Firm-level determinants of earnings in the formal sector of the South African labour market
Labour market analysis in the South African context provides a relatively robust understanding of the individual characteristics that influence wage differentials across workers (i.e. supply-side characteristics), but provides relatively little insight into the firm-level characteristics influencing these differentials (i.e. demand-side characteristics).
This is largely due to the relative paucity of firm-level data in South Africa. Therefore, the availability of micro firm-level data derived from anonymous corporate and individual tax data, presents an opportunity to explore this relatively uncharted and important territory in the South Africa labour market. Therefore, this paper examines the firm-level (demand-side) characteristics that explain wage differentials across formal private sector workers in South Africa.

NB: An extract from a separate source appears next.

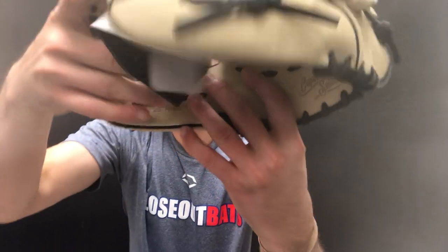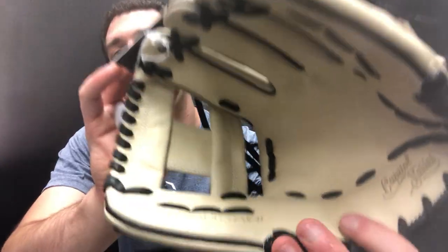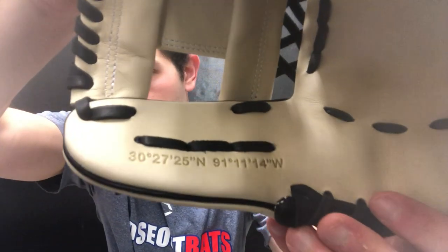Because it's called the Capital series, and Marucci is located in Louisiana, the glove features a longitudinal design showing where their capital is. You'll see it says 30°27'25" North — just a little extra cherry on top and a nice touch showing the thought that went into this glove.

Using the FEiLSDVj method, we measure the relative contribution of firm (demand-side) and individual (supply-side) characteristics in explaining wage formulation in the South African formal sector labour market, which advances the existing literature by including a developing country case. Consistent with results for the French and Austrian labour markets, approximately 61 per cent of wage variance is due to individual effects, while at least 13 per cent is due to firm-level effects.
Overall, our results suggest that firms that are profitable, older, more capital-intensive, more productive, and involved in international trade pay higher wages, on average. Interestingly, and contrary to the literature, our results indicate a negative relationship between firm size and wages.